Sigo. O dono do Curso de Lei Seca (sic) apresenta dados que confirmam a sua “tese”. Mostra que na última prova para concurso de juiz do Pará, 84% das questões foram de lei e jurisprudência; de doutrina, apenas 11%; no Rio de Janeiro, 69% das questões teriam sido lei-seca; no MS, 89% das questões foram de lei-seca e jurisprudência. E assim por diante.

Se verdadeiro o que consta na publicidade, a questão que se coloca é: concursos são decoreba de texto legal? Talvez por isso há tanto coach de concurso vendendo macete para decoreba. Até por música. Daí minha pergunta: queremos um país no qual o Direito seja uma questão de decorar leis? Que os membros que fazem parte da prática jurídica sejam isso?

Venho falando disso há décadas. E eis o “paradoxo Tostines”: os concursos atendem a demanda das faculdades e cursinhos ou as faculdades atendem às demandas dos concursos? O ovo ou a galinha? Pois é. Não sairei do clássico problema, mas uma coisa eu digo: no Direito, alguém colocou esse ovo. E vamos chocando todos os dias.

Há uma indústria “cultural” por trás disso tudo. Mas parece que poucas pessoas estão interessadas em mudar esse quadro. Por que será, pois não? A resposta cínica vocês já podem imaginar.

Dia desses, quando ainda se viajava de avião, falei com um ministro do STJ no entremeio de um congresso na EMERJ, dizendo-lhe: Ministro, se alterarmos os concursos públicos (e o exame da Ordem), mudaremos o ensino jurídico em cinco anos. Poderíamos fazer profundas alterações.

Sigo, perguntando: devemos desistir? Ou fomos vencidos pelo cansaço?

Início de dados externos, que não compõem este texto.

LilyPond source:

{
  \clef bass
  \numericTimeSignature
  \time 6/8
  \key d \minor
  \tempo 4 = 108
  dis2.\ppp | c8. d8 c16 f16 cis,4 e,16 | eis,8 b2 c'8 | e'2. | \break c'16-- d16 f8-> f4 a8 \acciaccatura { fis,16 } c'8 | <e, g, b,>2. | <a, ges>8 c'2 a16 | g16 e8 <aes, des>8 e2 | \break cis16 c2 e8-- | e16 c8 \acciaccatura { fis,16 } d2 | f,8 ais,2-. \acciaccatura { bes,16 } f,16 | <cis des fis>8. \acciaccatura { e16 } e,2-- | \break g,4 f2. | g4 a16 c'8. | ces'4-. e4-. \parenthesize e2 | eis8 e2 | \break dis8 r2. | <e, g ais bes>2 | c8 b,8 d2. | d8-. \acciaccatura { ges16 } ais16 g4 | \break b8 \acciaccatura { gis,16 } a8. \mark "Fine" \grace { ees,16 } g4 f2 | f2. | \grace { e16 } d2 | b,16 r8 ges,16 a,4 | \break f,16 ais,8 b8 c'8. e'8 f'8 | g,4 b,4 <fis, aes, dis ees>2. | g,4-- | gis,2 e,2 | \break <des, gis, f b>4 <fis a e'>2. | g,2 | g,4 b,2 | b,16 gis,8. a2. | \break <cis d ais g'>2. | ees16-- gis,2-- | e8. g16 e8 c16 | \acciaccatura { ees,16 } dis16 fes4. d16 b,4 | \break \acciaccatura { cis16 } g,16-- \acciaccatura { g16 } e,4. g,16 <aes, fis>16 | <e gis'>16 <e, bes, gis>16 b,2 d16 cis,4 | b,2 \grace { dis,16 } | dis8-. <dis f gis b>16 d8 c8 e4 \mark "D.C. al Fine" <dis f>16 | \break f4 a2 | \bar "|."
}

Ora, qual é o busílis disso tudo? Essa é uma coisa que se retroalimenta. Operadores jurídicos que passam em concursos que cobram esse tipo de coisa e se transformam depois em professores a ensinar futuros operadores que terão estudado para a aprovação em concursos que cobram esse tipo de coisa… e por aí vai. Sempre lembro do poema francês sobre o Capitão Jonathan e os ovos dos pelicanos brancos, que geravam pelicanos brancos… Sem quebrar os ovos, não se faz omelete (Cela peut durer três longtemps; Si l’on ne fait pas d’omelette avant).

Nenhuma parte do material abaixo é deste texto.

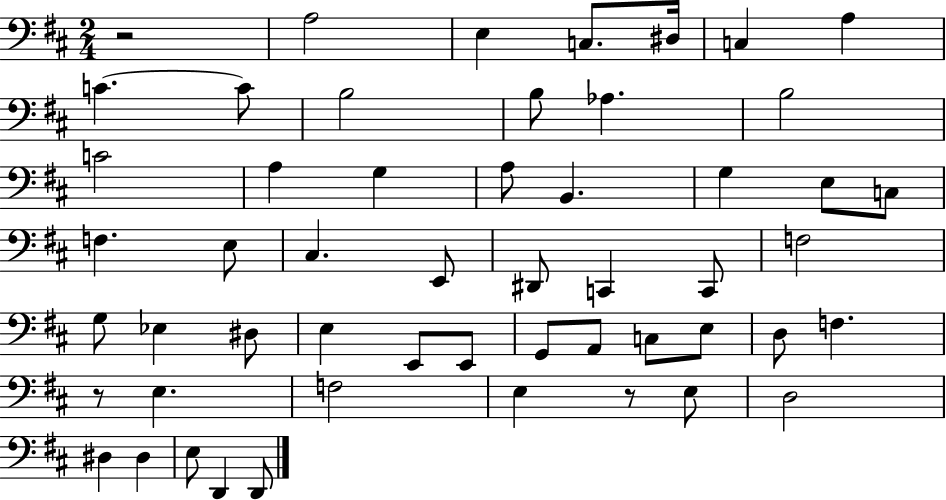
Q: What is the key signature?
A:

E o Direito — o critério que resolve nossos desacordos e segura uma democracia — acaba virando… decoreba de texto de lei e de texto-de-súmula. A ponto de, no Carf, uma portaria estabelecer que súmula do próprio órgão tem efeito vinculante.

No fundo disso, há muito temos: (i) uma dogmática complacente que entra “no jogo”, (ii) uma prática que não sabe o que é um princípio jurídico e aposta no livre convencimento e (iii) uma falta de cuidado e rigor epistêmico com os conceitos sem os quais o Direito nem existe.

E assim vamos. Ou não vamos.

Espero que meus assistentes estejam errados. Mas já não sei. Vale a pena ainda?